Directions for this task: Please copy out the entries below exactly, beginning with the line that contains "Hugo Boss Card" and ending with the line that contains "Unicorn Themed Hair Clip Barrettes", and include nothing outside that span.
##### Extracted data
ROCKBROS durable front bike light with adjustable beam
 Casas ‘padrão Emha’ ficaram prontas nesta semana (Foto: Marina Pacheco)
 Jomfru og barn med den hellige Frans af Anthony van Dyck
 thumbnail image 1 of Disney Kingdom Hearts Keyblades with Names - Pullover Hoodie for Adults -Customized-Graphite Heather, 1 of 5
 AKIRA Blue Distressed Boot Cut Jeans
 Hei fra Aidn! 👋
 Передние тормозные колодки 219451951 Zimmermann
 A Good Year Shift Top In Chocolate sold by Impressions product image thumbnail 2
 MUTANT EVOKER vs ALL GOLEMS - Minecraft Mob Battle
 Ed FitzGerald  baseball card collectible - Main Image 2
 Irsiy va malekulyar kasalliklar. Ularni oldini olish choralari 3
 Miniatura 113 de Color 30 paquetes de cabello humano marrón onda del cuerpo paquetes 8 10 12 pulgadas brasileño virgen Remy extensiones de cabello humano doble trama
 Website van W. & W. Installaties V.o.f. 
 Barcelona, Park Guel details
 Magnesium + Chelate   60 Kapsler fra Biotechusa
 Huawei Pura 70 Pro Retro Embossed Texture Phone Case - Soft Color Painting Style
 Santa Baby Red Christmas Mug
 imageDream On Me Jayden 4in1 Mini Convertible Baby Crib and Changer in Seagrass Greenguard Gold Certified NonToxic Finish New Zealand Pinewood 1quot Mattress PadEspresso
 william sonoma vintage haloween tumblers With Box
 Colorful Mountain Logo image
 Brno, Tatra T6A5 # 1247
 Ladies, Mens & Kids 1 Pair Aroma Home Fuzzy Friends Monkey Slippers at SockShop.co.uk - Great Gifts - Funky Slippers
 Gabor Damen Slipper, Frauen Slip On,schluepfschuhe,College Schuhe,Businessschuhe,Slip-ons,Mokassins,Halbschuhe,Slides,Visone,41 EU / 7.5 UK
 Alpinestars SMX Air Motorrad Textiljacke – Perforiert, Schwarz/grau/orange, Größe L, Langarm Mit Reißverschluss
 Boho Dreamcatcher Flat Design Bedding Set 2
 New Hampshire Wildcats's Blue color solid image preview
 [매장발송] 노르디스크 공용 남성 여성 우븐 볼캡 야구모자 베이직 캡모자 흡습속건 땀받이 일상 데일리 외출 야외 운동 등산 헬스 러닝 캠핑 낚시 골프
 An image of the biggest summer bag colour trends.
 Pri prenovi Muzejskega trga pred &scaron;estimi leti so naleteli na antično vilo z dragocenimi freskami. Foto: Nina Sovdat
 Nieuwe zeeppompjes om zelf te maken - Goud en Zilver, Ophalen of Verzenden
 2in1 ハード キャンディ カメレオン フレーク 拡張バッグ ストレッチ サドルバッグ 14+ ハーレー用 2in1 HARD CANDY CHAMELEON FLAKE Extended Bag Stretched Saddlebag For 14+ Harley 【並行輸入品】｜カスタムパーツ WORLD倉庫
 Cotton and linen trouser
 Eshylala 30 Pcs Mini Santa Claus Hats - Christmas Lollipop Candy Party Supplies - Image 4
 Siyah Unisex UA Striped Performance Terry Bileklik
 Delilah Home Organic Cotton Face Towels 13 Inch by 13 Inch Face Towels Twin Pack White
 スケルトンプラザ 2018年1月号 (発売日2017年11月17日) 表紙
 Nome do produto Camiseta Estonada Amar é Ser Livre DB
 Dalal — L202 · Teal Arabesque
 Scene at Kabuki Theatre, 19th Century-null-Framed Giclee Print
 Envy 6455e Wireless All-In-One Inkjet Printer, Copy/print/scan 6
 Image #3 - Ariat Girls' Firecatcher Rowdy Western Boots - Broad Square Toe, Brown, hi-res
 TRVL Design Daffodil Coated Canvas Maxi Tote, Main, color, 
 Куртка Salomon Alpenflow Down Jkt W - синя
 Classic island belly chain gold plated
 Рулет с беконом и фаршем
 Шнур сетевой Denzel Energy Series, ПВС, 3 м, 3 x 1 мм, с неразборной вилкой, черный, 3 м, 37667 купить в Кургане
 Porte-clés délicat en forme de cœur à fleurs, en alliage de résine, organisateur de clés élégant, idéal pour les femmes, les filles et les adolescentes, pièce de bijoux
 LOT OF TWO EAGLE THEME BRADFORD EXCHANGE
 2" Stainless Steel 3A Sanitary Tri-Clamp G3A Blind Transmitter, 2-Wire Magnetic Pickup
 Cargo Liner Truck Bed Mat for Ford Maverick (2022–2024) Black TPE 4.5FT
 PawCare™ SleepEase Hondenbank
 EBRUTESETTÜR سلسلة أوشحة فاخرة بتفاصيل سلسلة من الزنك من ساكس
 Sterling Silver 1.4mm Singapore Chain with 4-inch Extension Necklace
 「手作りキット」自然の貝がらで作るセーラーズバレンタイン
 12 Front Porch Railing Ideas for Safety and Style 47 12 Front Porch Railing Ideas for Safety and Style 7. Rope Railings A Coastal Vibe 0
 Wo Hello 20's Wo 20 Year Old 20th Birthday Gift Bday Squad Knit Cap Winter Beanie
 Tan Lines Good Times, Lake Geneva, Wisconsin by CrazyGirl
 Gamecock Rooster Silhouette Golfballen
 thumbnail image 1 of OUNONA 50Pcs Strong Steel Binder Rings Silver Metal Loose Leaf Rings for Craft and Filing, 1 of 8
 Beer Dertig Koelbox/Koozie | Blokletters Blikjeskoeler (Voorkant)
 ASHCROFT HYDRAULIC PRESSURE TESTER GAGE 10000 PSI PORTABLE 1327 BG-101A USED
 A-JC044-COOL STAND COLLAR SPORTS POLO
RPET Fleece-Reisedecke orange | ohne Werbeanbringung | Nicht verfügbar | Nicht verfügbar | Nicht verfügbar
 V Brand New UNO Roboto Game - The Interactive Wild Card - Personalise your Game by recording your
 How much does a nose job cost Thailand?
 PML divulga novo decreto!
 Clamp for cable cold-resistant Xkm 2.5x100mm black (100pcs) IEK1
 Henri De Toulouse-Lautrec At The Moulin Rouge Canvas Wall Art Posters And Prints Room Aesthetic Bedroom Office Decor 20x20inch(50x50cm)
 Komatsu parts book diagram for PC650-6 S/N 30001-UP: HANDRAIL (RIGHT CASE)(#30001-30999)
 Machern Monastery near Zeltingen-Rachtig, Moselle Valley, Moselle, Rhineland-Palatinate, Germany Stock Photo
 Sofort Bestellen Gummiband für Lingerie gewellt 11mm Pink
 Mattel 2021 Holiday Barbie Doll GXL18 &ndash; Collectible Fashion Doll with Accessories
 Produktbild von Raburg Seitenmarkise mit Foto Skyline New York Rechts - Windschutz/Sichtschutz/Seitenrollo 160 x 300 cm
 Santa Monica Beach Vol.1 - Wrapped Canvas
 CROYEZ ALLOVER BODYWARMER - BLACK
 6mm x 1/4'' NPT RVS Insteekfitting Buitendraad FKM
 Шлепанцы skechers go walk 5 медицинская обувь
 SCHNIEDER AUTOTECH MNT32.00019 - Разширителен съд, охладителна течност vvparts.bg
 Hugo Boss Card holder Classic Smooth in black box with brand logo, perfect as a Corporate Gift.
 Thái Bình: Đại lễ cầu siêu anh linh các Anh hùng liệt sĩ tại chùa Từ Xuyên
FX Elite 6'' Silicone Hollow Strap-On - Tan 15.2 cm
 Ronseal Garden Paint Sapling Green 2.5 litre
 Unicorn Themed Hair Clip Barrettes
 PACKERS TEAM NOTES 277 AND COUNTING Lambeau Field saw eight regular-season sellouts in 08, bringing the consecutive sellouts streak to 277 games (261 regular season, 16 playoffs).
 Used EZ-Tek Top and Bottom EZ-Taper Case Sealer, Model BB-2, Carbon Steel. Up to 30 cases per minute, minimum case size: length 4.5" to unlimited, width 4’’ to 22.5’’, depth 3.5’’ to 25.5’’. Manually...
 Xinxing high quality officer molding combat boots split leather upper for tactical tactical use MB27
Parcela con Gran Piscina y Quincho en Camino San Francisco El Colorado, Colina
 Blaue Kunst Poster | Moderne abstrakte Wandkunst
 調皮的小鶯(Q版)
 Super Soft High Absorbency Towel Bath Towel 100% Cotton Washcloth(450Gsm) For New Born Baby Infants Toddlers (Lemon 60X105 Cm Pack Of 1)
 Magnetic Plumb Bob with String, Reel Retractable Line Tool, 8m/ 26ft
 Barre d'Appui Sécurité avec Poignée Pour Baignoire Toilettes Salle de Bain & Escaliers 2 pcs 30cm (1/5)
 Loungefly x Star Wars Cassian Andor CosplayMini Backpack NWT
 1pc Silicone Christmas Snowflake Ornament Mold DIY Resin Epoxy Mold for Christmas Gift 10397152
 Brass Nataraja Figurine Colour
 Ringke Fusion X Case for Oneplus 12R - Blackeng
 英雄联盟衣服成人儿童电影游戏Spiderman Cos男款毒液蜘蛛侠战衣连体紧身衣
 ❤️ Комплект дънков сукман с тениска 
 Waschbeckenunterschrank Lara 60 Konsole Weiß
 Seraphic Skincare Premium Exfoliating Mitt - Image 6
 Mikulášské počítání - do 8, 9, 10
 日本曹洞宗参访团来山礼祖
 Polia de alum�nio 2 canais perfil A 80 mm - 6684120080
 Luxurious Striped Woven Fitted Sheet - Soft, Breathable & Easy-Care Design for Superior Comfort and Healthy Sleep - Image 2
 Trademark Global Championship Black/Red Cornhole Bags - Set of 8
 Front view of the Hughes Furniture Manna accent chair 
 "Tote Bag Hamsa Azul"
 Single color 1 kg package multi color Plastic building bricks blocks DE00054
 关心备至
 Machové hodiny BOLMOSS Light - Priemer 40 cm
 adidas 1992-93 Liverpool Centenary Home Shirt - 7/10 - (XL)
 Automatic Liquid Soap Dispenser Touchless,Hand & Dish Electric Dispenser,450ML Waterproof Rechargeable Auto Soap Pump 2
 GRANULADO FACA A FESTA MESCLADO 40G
##########
Result of the task:
 Hugo Boss Card holder Classic Smooth in black box with brand logo, perfect as a Corporate Gift.
 Thái Bình: Đại lễ cầu siêu anh linh các Anh hùng liệt sĩ tại chùa Từ Xuyên
FX Elite 6'' Silicone Hollow Strap-On - Tan 15.2 cm
 Ronseal Garden Paint Sapling Green 2.5 litre
 Unicorn Themed Hair Clip Barrettes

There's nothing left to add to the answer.